Lean Out
Lean Out by Marissa Orr is a book about women in the workplace. More generally, it's an analysis of how rules can be created to allow specific personalities and visions of a good life to thrive, to the detriment of people with other personalities and other philosophies. And how to change the rules or start playing a different game.
Workplace politics are familiar. If a workplace rewards gossip, making and breaking coalitions, and backstabbing, then people who are good at that will get ahead. People who are not good at that won't and likely won't enjoy their time.
Marissa Orr argues that many corporate workplaces reward bravado, ambition for power, individualism, and disagreeableness -- that is they reward the stereotypical male. This has a cost for women. She states that, in response to this cost, several authors (like Sheryl Sandberg of Lean In) argue that women should conform to this structure. Which is to say, that women should conform to the male stereotype.

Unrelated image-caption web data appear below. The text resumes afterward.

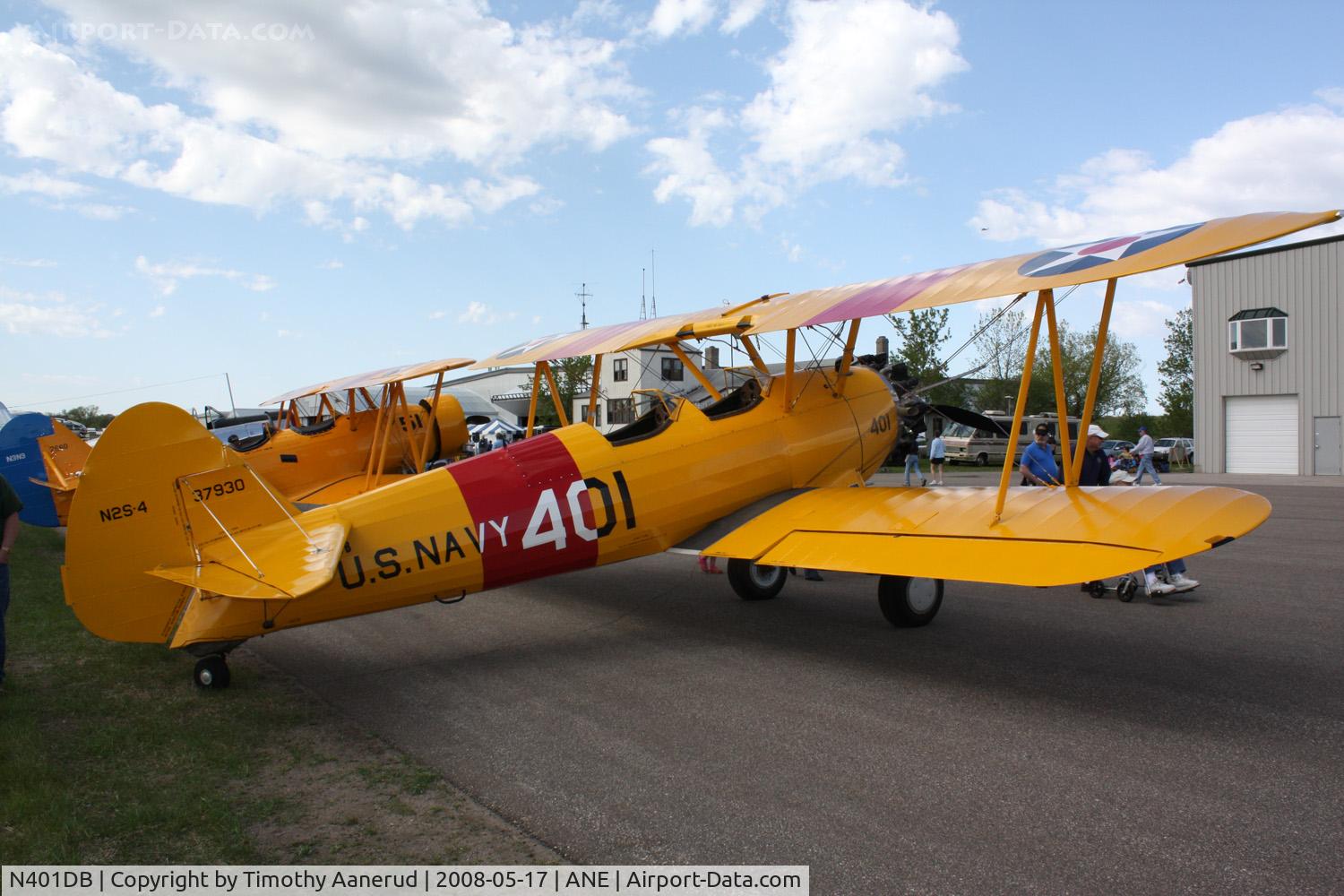 N401DB, 1942 Boeing A75N1 C/N 75-3677, Blaine Aviation Weekend 2008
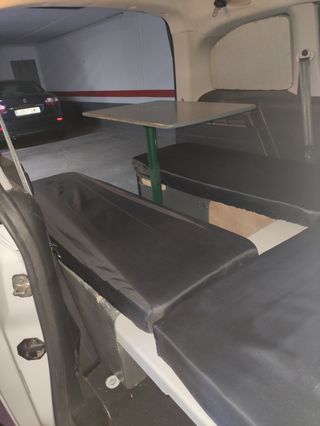 Mueble furgoneta camper Peugeot partner 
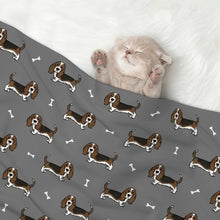 Load image into Gallery viewer, Basset Hound Parade Blanket for Dog-Pet Furniture-20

Instead, Orr argues that gender differences need to be recognized and the structure should be changed.
One interesting aspect of the book, concerns Orr's use of strategies to get into the third person perspective. For instance, to get perspective she imagines Doris, an 80 year old version of herself, wearing a mummu and drinking a glass of scotch. From Doris' perspective a lot of worries, fights, and stress are no big deal. They aren't really important. Think of this as a personal, humorous version of the view from above.
Orr is insightful when it comes to the role of stories in our lives. A lot of the debates over the pay gap and what to do about it are more about the stories people tell themselves, than descriptions about the world. We pick up most of these stories from others. Lean Out is ultimately not about women in the workplace, but leaning into your own stories and living a life in line with your own values.
Lean out doesn’t mean quit your job or check out mentally. It means leaning out of anyone else’s story of who you should be and what a successful career looks like.